Kelimeler yutulmuştur.
Noktalama işaretleri uçmuştur.
Her yazıda aynı konu.
Zamanımı çalan, gözlerimi yoran onca yazı.
Yazıyı okurken sürüklenmeli insan sonunda ne olacak merakıyla.
Boşlukları doldurmaktan sıkıldığım kurmak için kurulmuş cümleler.
Hem de baş köşelere...
Kendini tekrar eden yazarları sevmiyorum.
TARZ'ı budur diye FARZediyorum ama HAZetmiyorum!
Edemiyorum.
Okurken hazzım en azda kalıyor.
Emeğe saygım sonsuz olsa da dikkatsizce yazılmış, ''bakın ben yazarım'' mantığıyla karalanmış sayfaları sevmiyorum.
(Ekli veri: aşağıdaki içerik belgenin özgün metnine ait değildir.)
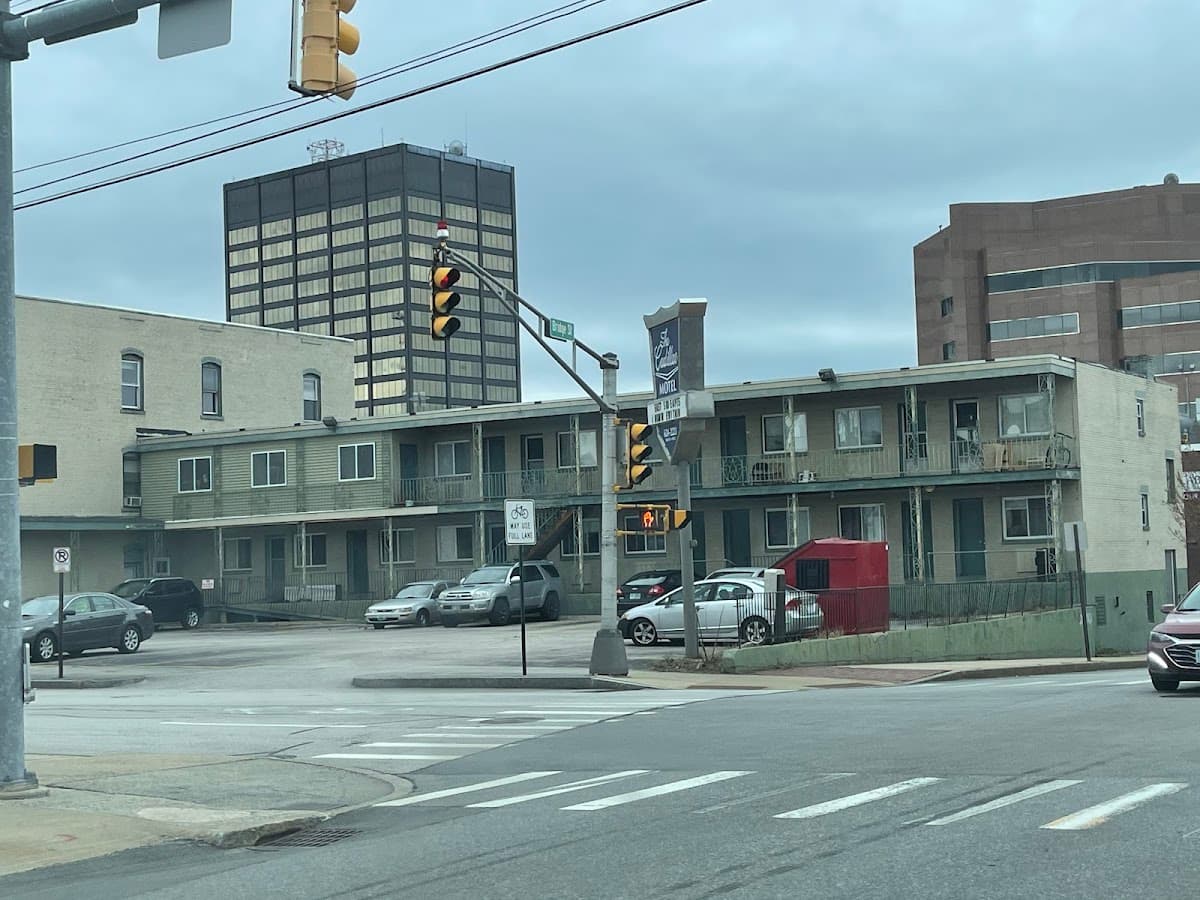 The Cadillac Motel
Onlara sorarsanız kimse onlardan iyi yazamaz.
Oturup kendi yazılarını okuduklarında cümle düşüklüklerinin içinde parmakları bile kanamaz!
Ben mesela ''sevdiğim için yazıyorum, yazdığım için seviyorum''.
İyi yazmıyorum.
Her kesime hitap etmeyi seviyorum.
Bugün sana yazıyorsam yarın ona yazmayı seviyorum.
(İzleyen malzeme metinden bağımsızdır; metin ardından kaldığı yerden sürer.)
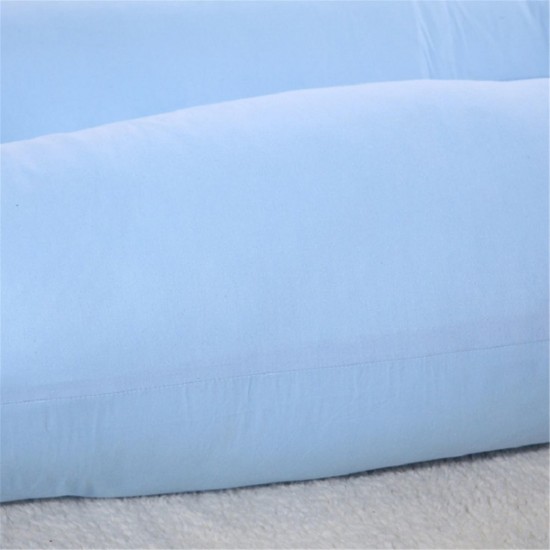 Family Maternity Pillow Pregnancy Nursing Sleeping Body Support Feeding Cofortable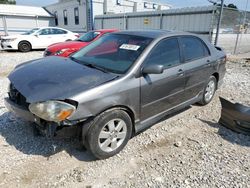 Salvage cars for sale from Copart Prairie Grove, AR: 2008 Toyota Corolla CE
Ona, buna yazdıklarımın içinde BENİ buluyor insanlar, hem de kendilerini.
Bundan kendimi kendime yazma gereği duymuyorum.
Kendimi yazarken bile başkalarını hedef alıyorum.
Kitlemi kendim seçiyorum.
Sonuç olarak ben İYİ YAZMIYORUM sadece yazıyorum.
Ama güzel yazıyorum.
Hayal gücüm okurlarımın hayal gücüyle çırılçıplak dans eder.
Cümlelerim, okuyanların gözlerini yormaz.
Saçmalarım, hayal kurarım, eleştiririm, yüceltirim, severim, söverim.
Ama ben hissederim.
Aklım yaşımda değil başımdadır.
Neden gazete okumuyorum?
Alın size cevap!
Her sayfayı zaptetmiş tırnaklılar yüzünden.
Ojeleri olmasa nasıl parlak göstereceklerdi kendilerini merak ediyorum!!!
Arkamızda Uluç yok, Cevizoğlu yok, Babaoğlu, Özdil yok.
İSTESEK OLURDU!!!
AMA KİMSEYİ ARKAMIZA ALACAK KADAR ÖNLERİNE GÜVENMEDİK!